== Task goal ==
Locate the line bearing "6326 N QUEENSWAY" in the material below, then reproduce it and each following line up to and including the line bearing "Edinburgh skyline, Medieval".

▬▬▬▬▬▬▬▬▬▬

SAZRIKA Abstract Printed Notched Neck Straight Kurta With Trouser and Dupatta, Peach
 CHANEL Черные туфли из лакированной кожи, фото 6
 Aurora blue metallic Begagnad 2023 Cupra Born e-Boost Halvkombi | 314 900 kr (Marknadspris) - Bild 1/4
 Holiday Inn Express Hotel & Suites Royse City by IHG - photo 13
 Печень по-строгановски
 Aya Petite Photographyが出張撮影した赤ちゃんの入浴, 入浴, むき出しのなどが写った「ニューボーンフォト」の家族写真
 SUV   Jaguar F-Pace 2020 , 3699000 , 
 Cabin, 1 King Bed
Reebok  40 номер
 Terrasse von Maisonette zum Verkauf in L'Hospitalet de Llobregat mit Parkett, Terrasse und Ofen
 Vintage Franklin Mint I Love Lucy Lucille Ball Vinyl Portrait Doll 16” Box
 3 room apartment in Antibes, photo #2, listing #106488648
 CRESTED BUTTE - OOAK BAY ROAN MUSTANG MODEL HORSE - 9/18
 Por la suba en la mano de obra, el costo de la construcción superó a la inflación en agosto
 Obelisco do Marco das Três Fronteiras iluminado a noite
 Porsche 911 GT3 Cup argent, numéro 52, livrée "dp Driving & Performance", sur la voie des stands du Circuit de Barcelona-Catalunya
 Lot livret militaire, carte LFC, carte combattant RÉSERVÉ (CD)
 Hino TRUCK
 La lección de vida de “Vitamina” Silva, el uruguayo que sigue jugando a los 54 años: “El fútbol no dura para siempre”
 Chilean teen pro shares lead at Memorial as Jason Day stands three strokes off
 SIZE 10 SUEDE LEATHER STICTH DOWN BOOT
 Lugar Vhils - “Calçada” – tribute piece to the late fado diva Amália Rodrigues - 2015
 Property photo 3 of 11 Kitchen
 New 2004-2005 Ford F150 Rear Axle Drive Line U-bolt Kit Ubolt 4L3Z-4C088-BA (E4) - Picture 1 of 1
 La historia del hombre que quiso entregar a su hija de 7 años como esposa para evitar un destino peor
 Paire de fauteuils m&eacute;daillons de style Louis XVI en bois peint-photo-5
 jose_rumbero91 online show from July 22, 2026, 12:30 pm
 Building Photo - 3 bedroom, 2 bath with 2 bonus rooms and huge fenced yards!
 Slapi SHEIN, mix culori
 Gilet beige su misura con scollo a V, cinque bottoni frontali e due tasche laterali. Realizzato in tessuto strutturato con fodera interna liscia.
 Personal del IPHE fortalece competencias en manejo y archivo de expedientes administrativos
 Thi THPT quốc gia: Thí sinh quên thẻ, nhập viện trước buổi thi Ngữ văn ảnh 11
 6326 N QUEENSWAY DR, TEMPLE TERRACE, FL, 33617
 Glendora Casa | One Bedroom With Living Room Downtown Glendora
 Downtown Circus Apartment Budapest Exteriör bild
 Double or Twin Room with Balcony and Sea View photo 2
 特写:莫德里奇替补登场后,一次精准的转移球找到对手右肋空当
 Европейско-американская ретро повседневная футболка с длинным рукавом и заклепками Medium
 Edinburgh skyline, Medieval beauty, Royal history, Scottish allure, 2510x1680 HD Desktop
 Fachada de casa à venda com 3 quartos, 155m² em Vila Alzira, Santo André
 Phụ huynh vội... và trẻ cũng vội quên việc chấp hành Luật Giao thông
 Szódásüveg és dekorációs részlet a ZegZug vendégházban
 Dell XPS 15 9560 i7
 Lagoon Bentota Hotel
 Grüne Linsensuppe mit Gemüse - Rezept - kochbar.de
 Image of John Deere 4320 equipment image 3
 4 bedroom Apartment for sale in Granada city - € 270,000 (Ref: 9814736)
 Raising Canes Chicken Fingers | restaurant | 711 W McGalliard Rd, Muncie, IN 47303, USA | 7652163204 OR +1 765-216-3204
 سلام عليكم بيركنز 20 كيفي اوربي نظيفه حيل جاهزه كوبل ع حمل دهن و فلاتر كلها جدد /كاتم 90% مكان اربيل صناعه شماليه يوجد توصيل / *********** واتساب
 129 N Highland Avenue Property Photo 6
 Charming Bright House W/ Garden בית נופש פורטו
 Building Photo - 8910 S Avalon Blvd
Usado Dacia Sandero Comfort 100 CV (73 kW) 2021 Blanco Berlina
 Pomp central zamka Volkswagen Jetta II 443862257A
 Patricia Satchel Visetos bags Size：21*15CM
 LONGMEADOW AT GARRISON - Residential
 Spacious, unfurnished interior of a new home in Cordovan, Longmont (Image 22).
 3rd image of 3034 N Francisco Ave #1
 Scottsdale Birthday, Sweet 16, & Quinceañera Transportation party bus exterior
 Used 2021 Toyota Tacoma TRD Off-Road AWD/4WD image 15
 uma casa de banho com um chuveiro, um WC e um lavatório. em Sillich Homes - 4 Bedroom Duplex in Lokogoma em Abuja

▬▬▬▬▬▬▬▬▬▬

== Answer space ==
 6326 N QUEENSWAY DR, TEMPLE TERRACE, FL, 33617
 Glendora Casa | One Bedroom With Living Room Downtown Glendora
 Downtown Circus Apartment Budapest Exteriör bild
 Double or Twin Room with Balcony and Sea View photo 2
 特写:莫德里奇替补登场后,一次精准的转移球找到对手右肋空当
 Европейско-американская ретро повседневная футболка с длинным рукавом и заклепками Medium
 Edinburgh skyline, Medieval beauty, Royal history, Scottish allure, 2510x1680 HD Desktop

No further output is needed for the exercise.